> RAW DATA:
# # # # #

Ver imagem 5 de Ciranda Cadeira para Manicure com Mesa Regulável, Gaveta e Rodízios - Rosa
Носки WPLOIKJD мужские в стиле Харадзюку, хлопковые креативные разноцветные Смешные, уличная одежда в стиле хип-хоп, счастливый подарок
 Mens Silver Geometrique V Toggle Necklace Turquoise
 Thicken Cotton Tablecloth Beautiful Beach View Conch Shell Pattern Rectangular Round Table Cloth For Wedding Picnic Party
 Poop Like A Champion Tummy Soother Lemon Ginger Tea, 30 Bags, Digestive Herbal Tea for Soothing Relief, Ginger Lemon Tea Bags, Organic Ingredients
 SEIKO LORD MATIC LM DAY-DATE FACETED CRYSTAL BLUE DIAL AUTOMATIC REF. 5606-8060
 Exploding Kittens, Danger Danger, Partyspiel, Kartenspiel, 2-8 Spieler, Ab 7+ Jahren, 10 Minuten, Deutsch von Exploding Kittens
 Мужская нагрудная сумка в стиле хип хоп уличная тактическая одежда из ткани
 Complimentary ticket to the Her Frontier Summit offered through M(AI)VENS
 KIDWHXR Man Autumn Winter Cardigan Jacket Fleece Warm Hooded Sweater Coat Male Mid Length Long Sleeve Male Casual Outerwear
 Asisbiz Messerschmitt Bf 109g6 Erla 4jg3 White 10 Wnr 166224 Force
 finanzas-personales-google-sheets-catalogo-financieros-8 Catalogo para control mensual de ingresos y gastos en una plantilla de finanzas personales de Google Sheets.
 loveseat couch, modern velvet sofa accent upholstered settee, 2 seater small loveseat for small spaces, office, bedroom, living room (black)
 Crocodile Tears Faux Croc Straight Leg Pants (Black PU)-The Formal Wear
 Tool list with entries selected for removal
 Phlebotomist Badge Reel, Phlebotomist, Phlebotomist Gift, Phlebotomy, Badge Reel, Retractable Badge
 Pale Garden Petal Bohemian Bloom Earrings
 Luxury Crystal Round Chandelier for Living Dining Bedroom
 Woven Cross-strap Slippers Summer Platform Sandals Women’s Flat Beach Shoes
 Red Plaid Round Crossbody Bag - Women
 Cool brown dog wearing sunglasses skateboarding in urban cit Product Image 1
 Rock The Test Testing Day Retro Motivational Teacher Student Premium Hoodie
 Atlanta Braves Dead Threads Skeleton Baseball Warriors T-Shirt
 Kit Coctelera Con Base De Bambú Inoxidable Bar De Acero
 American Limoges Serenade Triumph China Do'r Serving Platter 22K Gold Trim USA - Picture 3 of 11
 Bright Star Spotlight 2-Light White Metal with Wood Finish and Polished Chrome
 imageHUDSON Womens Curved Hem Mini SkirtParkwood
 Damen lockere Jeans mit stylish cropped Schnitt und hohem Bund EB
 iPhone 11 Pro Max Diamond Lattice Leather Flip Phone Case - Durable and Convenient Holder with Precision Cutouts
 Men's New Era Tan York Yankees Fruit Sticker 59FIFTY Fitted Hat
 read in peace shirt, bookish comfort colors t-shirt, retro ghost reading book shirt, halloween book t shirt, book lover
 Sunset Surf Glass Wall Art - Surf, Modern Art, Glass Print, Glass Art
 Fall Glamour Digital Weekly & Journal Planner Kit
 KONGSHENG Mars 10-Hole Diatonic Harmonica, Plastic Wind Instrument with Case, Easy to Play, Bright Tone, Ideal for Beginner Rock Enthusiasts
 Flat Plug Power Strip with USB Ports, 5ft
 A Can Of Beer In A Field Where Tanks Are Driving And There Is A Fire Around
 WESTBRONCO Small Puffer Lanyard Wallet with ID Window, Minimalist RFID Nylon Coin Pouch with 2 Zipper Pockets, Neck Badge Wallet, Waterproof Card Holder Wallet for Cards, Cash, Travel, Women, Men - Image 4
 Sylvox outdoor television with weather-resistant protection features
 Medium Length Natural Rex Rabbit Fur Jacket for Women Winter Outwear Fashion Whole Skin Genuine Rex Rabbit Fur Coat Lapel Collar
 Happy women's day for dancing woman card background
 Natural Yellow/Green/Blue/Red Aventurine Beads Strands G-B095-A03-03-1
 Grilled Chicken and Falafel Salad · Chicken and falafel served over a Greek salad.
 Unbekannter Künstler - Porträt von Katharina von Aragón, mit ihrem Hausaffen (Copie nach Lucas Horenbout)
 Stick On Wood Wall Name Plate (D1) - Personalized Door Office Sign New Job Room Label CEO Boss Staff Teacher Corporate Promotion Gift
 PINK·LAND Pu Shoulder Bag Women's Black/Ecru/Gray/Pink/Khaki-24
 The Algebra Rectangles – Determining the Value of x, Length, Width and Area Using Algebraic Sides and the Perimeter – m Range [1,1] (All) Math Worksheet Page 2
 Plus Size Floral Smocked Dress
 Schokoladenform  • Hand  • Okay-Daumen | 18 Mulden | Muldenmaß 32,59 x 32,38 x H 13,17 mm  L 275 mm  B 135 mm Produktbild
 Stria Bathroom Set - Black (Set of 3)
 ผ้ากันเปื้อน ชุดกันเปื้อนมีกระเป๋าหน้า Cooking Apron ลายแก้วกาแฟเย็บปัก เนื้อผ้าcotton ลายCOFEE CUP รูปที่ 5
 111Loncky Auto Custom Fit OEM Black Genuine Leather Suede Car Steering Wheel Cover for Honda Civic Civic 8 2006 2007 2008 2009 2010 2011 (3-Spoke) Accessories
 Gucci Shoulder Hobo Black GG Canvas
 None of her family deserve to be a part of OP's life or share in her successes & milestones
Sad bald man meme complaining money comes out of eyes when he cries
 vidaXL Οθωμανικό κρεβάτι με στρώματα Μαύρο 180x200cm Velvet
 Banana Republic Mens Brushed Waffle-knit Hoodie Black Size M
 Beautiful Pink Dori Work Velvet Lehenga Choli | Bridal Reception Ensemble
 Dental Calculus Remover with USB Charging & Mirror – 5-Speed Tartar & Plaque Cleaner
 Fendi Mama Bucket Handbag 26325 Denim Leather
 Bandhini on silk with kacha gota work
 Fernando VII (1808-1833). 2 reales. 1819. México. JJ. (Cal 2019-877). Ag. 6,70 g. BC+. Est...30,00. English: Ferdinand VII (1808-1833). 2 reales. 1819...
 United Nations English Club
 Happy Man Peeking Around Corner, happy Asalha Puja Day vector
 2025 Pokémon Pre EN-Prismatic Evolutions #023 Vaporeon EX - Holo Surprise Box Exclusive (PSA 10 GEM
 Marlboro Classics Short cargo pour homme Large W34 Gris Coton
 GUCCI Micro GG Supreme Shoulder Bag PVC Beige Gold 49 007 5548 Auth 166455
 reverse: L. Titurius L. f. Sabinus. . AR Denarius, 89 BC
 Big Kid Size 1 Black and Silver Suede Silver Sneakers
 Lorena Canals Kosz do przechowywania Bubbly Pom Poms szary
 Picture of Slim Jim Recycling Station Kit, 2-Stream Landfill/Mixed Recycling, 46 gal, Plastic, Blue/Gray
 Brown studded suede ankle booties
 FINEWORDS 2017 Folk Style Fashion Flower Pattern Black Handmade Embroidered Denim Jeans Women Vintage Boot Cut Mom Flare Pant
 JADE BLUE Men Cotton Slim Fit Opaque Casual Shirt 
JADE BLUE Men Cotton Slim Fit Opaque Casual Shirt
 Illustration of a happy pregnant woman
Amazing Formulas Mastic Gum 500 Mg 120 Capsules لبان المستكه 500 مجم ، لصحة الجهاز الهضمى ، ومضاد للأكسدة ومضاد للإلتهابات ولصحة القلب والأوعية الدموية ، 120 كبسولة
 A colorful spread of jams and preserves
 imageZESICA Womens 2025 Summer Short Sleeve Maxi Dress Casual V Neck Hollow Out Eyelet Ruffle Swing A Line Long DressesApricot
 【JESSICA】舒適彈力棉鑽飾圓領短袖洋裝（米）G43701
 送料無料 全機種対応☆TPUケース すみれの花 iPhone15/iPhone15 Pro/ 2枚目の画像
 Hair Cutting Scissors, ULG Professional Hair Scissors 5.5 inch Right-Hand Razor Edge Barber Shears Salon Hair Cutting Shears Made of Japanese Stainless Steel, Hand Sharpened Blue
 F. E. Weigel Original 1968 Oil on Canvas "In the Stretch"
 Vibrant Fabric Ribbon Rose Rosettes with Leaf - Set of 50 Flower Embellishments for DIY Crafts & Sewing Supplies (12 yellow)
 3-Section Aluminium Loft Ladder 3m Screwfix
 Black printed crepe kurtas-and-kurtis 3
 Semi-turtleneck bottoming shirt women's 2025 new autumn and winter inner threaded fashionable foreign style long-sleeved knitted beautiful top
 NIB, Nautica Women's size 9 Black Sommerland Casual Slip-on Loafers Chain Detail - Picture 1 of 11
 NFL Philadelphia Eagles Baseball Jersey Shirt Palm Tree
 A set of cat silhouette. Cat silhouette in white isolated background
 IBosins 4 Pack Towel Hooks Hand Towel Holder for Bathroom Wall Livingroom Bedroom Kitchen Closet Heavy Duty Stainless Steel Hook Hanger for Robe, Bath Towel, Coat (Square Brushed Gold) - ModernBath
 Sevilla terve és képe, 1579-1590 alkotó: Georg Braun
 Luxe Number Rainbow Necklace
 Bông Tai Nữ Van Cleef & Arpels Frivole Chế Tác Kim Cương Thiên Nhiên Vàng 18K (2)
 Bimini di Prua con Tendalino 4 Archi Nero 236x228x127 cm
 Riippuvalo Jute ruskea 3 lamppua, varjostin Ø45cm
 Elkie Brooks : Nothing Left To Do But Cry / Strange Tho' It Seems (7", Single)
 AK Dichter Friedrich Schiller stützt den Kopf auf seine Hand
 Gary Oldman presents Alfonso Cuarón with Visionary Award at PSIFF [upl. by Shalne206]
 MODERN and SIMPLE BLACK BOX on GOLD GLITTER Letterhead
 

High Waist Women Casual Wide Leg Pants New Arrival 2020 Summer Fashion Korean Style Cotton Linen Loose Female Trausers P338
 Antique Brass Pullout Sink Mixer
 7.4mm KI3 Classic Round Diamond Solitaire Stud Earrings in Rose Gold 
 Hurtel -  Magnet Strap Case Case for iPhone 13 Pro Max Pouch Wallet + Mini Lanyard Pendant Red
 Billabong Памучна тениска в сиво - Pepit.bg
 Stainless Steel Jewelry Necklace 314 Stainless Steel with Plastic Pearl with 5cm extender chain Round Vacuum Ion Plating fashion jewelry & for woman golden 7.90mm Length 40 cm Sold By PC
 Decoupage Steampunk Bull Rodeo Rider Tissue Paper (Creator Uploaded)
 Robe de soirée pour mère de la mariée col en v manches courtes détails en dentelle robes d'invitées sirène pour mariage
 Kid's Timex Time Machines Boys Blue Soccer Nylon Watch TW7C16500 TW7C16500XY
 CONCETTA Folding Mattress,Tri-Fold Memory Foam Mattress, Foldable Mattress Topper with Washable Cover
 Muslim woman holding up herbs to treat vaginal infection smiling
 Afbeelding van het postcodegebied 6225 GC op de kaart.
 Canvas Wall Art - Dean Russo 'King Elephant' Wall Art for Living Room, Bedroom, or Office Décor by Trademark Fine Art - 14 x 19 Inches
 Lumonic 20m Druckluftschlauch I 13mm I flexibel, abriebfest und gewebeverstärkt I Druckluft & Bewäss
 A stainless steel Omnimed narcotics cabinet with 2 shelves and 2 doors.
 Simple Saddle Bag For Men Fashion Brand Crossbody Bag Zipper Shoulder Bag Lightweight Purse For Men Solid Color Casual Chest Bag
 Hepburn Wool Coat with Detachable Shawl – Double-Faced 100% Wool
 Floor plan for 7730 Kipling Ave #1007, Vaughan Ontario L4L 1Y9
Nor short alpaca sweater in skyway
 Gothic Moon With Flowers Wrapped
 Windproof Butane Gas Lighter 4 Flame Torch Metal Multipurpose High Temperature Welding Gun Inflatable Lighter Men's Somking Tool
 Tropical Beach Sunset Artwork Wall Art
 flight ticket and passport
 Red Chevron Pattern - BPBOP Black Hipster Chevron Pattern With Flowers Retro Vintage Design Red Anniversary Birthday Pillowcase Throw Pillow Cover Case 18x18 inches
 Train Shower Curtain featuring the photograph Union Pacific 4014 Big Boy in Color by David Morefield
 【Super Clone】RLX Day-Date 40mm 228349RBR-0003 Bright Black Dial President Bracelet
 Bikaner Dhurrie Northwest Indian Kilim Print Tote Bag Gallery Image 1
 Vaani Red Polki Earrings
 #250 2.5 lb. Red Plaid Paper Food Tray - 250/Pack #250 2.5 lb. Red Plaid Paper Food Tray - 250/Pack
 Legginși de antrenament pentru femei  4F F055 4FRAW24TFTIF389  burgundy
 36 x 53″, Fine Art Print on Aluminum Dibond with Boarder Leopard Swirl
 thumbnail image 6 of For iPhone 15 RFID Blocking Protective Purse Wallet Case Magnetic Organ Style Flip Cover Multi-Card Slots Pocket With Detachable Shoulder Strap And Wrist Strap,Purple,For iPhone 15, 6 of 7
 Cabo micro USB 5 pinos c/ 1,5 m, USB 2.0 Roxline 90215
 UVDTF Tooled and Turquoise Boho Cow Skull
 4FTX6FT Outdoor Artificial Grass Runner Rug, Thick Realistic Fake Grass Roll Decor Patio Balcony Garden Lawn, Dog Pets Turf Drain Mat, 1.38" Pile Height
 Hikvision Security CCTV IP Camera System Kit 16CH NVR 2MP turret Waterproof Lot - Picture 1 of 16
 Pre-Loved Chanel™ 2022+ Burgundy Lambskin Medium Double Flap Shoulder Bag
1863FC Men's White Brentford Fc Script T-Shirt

# # # # #

> TASK ITEM: Begin with the line that has "Fall Glamour Digital" in the listing above and end after the line that has "A Can Of Beer"; output those lines exactly.

> SOLUTION FOR THIS PROBLEM:
 Fall Glamour Digital Weekly & Journal Planner Kit
 KONGSHENG Mars 10-Hole Diatonic Harmonica, Plastic Wind Instrument with Case, Easy to Play, Bright Tone, Ideal for Beginner Rock Enthusiasts
 Flat Plug Power Strip with USB Ports, 5ft
 A Can Of Beer In A Field Where Tanks Are Driving And There Is A Fire Around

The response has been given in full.